→ **Work instructions**: Set down, character for character, everything in the records below from the line holding "Hair Loss & Hair Thinning" down to the line holding "Niềng răng đánh", and no other line.

→ **Input data**:
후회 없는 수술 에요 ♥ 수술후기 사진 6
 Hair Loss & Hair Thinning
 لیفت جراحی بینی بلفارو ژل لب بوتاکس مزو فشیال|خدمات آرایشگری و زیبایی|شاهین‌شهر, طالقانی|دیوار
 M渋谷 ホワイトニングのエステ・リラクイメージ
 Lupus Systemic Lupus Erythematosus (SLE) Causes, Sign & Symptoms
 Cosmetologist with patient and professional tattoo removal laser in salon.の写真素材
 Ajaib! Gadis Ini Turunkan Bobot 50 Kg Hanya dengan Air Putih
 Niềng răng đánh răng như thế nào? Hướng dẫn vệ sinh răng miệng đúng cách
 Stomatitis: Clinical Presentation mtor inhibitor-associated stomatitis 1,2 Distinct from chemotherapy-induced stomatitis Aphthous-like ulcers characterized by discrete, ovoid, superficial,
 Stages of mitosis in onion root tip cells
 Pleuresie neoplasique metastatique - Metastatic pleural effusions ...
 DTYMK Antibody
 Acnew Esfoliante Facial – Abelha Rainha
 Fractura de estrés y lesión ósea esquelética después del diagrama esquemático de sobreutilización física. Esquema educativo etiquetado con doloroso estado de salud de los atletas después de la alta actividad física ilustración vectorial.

→ **Finished exercise**:
 Hair Loss & Hair Thinning
 لیفت جراحی بینی بلفارو ژل لب بوتاکس مزو فشیال|خدمات آرایشگری و زیبایی|شاهین‌شهر, طالقانی|دیوار
 M渋谷 ホワイトニングのエステ・リラクイメージ
 Lupus Systemic Lupus Erythematosus (SLE) Causes, Sign & Symptoms
 Cosmetologist with patient and professional tattoo removal laser in salon.の写真素材
 Ajaib! Gadis Ini Turunkan Bobot 50 Kg Hanya dengan Air Putih
 Niềng răng đánh răng như thế nào? Hướng dẫn vệ sinh răng miệng đúng cách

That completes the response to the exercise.